This document is an excerpt from the EUR-Lex website
Document 62003CJ0519
Summary of the Judgment
Summary of the Judgment
1. Actions for failure to fulfil obligations – Period allowed to the Member State in the reasoned opinion – Default subsequently remedied – Interest in pursuing the action
(Art. 226 EC)
2. Actions for failure to fulfil obligations – Pre-litigation procedure – Matters put forward in the reply to the reasoned opinion – Not taken into account in the application – No infringement of the right to a fair hearing
(Art. 226 EC)
3. Actions for failure to fulfil obligations – Examination of the merits by the Court – Absence of adverse effects of alleged failure – Irrelevant
(Art. 226 EC)
4. Social policy – Male and female workers – Access to employment and working conditions – Equal treatment – Directive implementing the framework agreement on parental leave – Interruption of parental leave by another period of leave guaranteed by Community law – Consequent reduction in the period of parental leave – Not permissible
(Directive 96/34, Annex, Clause 2(1))
5. Social policy – Male and female workers – Access to employment and working conditions – Equal treatment – Directive implementing the framework agreement on parental leave – Scope ratione personae – Addition by the Member State of conditions not provided for by the directive – Not permissible
(Directive 96/34, Annex, Clause 2(1))
1. The Commission still has an interest in bringing an action under Article 226 EC even when the alleged infringement has been remedied after the expiry of the period prescribed in the reasoned opinion.
(see paras 18-19)
2. A Member State cannot rely on the failure of the Commission to take account of its reply to the reasoned opinion, or on the late transmission of that reply to the General Secretariat of the Commission, in order to justify the plea of inadmissibility which it puts forward against an action. Even assuming that the contentious procedure was opened by a Commission application which took no account of any new matters of fact or law put forward by the Member State concerned in its reply to the reasoned opinion, that State’s right to a fair hearing is not infringed.
(see para. 21)
3. The failure to comply with an obligation imposed by a rule of Community law is itself sufficient to constitute a breach, and the fact that such a failure had no adverse effects is irrelevant. Such a situation has no effect on the existence of the alleged failure to fulfil obligations, but merely on its extent.
(see para. 35)
4. Clause 2(1) of the framework agreement on parental leave, which is set out in the Annex to Directive 96/34 on the framework agreement concluded by UNICE, CEEP and the ETUC, grants men and women workers an individual right to parental leave of at least three months. That period of leave may not be reduced when it is interrupted by another period of leave which pursues a purpose different from that of parental leave, such as maternity leave. A period of leave guaranteed by Community law cannot affect the right to take another period of leave guaranteed by that law. Thus, a Member State fails to fulfil its obligations under that directive where it provides that the right to maternity leave or adoption leave arising during parental leave replaces the latter which must then come to an end, without its being possible for the parent to defer the portion of the parental leave which he or she was unable to take.

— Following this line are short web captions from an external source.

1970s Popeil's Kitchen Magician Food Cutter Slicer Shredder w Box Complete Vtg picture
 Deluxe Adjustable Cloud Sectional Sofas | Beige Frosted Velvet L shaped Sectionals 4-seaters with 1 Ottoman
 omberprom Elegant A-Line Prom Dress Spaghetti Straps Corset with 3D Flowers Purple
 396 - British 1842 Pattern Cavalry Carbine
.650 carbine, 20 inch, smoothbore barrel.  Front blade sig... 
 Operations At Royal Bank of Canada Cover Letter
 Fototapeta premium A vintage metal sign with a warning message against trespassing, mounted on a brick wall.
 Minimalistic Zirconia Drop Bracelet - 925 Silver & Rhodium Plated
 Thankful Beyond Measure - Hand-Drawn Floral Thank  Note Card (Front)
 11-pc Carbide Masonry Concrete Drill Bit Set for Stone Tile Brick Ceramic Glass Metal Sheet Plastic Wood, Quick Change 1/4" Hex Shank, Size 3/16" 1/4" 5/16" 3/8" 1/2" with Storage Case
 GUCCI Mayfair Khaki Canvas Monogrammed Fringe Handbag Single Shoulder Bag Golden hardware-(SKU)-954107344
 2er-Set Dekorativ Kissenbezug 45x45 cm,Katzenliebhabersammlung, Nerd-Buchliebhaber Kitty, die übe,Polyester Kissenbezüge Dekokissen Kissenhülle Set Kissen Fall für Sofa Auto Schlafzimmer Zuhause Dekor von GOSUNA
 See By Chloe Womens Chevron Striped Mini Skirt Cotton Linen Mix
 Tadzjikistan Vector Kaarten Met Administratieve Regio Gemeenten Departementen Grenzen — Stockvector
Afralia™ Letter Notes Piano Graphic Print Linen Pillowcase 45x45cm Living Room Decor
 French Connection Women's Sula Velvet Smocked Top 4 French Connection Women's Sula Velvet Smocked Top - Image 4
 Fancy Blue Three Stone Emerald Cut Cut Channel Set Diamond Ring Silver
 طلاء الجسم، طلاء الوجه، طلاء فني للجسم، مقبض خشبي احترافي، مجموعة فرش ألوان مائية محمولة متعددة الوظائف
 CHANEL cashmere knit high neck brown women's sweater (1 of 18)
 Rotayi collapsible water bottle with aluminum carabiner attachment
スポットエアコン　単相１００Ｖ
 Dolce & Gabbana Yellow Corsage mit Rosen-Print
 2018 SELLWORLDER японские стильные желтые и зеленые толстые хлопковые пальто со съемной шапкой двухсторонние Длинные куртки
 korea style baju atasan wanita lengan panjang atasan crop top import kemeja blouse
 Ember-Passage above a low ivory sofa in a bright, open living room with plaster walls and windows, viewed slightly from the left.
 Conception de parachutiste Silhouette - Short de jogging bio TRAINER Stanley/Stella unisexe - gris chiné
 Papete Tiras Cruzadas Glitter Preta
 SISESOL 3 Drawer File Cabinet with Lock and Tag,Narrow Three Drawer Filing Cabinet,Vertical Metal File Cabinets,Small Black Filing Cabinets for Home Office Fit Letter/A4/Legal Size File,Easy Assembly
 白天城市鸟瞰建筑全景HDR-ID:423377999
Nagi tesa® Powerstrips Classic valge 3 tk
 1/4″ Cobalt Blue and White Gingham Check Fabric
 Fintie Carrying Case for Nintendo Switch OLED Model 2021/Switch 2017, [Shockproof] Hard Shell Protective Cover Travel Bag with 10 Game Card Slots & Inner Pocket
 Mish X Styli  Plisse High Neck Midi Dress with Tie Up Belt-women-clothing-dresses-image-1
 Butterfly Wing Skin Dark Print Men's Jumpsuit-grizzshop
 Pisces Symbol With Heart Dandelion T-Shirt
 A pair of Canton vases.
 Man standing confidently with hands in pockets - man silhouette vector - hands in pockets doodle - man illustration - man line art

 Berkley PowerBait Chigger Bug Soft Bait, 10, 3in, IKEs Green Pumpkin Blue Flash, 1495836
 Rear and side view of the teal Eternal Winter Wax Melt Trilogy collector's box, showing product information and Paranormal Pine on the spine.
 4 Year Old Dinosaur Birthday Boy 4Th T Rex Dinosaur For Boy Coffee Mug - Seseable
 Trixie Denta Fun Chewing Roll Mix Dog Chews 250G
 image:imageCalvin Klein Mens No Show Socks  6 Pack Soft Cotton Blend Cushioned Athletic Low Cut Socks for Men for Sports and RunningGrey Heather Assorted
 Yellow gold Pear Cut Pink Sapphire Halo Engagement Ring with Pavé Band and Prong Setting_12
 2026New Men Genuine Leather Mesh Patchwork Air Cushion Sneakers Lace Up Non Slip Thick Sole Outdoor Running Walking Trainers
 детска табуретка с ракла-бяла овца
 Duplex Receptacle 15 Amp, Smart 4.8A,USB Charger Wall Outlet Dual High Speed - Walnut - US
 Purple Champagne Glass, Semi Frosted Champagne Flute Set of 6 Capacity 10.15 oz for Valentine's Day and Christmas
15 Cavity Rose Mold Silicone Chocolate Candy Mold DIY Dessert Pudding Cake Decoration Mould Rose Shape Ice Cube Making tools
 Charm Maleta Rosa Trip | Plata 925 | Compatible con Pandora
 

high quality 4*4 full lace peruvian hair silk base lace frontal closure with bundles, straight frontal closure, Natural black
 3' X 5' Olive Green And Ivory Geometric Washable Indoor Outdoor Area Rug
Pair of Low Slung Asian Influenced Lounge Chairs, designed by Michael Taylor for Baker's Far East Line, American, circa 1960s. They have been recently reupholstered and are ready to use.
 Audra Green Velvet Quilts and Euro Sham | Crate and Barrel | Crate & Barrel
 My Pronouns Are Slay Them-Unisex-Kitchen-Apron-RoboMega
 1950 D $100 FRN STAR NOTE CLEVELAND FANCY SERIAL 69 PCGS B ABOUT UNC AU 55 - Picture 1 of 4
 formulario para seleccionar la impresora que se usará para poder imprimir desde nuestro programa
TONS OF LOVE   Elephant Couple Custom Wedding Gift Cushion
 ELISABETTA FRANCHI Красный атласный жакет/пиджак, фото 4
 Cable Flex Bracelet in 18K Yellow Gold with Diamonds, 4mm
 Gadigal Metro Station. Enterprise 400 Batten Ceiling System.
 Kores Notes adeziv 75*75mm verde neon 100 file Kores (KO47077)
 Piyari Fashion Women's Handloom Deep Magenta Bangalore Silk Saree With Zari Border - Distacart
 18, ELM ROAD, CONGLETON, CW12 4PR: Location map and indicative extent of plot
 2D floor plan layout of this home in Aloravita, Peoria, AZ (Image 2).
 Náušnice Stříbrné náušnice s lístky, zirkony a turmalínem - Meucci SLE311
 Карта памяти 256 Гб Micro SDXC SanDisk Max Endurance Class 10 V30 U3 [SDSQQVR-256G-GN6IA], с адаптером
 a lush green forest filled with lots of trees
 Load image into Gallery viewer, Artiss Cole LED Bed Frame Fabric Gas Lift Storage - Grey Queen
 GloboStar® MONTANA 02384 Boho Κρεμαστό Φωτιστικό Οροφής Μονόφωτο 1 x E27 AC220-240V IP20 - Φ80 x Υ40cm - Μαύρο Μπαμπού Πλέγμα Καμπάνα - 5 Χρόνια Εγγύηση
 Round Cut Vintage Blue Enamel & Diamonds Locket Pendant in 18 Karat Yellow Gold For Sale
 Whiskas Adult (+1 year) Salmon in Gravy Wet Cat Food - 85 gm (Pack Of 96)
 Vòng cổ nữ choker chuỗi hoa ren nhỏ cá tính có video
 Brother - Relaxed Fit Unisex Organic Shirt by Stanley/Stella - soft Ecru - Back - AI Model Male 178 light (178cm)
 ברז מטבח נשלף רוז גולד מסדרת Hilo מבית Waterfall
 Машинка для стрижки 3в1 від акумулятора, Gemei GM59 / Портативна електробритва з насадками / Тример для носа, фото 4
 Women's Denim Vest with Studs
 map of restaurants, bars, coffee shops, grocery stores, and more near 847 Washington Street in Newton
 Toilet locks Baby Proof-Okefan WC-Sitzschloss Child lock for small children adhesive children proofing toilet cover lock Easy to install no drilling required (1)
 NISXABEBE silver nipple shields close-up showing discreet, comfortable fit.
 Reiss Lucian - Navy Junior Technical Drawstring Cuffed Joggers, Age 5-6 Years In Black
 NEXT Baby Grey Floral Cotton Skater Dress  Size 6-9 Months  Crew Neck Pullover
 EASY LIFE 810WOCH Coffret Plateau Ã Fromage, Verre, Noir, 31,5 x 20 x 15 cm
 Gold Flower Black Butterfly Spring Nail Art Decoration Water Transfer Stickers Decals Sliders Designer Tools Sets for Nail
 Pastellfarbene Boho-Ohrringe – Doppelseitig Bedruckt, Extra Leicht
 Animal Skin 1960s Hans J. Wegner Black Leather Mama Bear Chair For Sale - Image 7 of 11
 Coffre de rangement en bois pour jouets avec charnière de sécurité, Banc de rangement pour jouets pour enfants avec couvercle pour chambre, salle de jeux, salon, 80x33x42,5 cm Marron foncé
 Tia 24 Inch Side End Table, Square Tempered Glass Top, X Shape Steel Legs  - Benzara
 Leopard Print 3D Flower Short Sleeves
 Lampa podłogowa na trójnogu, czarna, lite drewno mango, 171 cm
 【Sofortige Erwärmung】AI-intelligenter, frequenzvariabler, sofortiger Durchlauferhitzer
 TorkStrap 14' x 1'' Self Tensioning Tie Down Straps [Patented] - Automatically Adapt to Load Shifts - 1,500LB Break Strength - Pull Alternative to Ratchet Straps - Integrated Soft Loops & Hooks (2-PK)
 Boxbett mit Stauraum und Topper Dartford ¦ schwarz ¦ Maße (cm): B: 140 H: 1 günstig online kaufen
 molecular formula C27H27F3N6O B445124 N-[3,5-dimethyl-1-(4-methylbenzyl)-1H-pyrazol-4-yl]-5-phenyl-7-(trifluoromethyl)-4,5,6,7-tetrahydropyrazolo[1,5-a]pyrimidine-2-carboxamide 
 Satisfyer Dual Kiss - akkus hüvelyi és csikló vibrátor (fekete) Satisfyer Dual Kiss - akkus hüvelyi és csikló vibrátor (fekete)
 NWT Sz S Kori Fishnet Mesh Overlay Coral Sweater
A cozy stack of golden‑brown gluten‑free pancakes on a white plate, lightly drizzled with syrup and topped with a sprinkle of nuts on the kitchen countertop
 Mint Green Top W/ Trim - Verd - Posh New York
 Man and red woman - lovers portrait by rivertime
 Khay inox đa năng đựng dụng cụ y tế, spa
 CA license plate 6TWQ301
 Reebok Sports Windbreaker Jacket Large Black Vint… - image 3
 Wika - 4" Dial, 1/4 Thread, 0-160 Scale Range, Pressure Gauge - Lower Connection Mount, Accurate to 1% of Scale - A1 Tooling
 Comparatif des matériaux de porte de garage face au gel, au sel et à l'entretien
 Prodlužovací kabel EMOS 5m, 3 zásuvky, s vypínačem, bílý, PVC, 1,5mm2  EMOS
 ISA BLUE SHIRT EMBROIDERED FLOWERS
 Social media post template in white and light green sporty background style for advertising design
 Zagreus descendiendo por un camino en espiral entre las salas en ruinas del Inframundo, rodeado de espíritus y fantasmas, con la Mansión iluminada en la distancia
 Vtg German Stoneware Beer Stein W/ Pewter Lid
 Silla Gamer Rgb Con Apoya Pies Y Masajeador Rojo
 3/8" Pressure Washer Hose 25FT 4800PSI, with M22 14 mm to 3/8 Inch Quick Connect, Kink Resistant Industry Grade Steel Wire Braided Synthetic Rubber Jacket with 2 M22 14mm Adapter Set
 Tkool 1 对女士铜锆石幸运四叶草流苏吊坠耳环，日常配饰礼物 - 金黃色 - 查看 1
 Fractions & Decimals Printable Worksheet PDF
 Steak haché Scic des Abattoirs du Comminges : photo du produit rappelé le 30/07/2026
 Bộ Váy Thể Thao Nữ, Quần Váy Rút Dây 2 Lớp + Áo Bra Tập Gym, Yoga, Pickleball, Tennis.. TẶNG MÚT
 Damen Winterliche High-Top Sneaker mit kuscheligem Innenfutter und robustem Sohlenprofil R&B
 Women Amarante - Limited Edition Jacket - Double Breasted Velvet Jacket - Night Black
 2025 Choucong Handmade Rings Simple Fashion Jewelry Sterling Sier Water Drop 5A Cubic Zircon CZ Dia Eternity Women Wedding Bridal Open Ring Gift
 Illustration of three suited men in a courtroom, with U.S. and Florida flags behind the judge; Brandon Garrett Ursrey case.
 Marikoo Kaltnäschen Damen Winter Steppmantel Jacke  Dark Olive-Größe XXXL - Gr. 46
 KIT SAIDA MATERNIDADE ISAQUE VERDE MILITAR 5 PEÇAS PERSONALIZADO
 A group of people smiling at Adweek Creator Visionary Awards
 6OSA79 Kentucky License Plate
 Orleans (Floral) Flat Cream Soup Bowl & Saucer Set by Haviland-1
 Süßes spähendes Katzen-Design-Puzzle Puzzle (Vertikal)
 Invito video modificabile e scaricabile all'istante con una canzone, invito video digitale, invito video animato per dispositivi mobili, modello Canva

(see paras 31, 33, 52, operative part 1)
5. The right to parental leave is granted by Directive 96/34 on the framework agreement on parental leave concluded by UNICE, CEEP and the ETUC to all parents having a child below a certain age limit. Since that directive provides that entitlement to parental leave is available during a certain period, until the child has reached the age set by the Member State concerned, the fact that the child was born before or after the time-limit laid down for the transposition of that directive is not relevant in this regard. By limiting the grant of the right to parental leave to parents of children born after the date of transposition of that directive or in respect of whom adoption proceedings were initiated after that date, a Member State adds a condition to the right to parental leave which is not authorised by that directive and therefore fails to fulfil its obligations under that directive.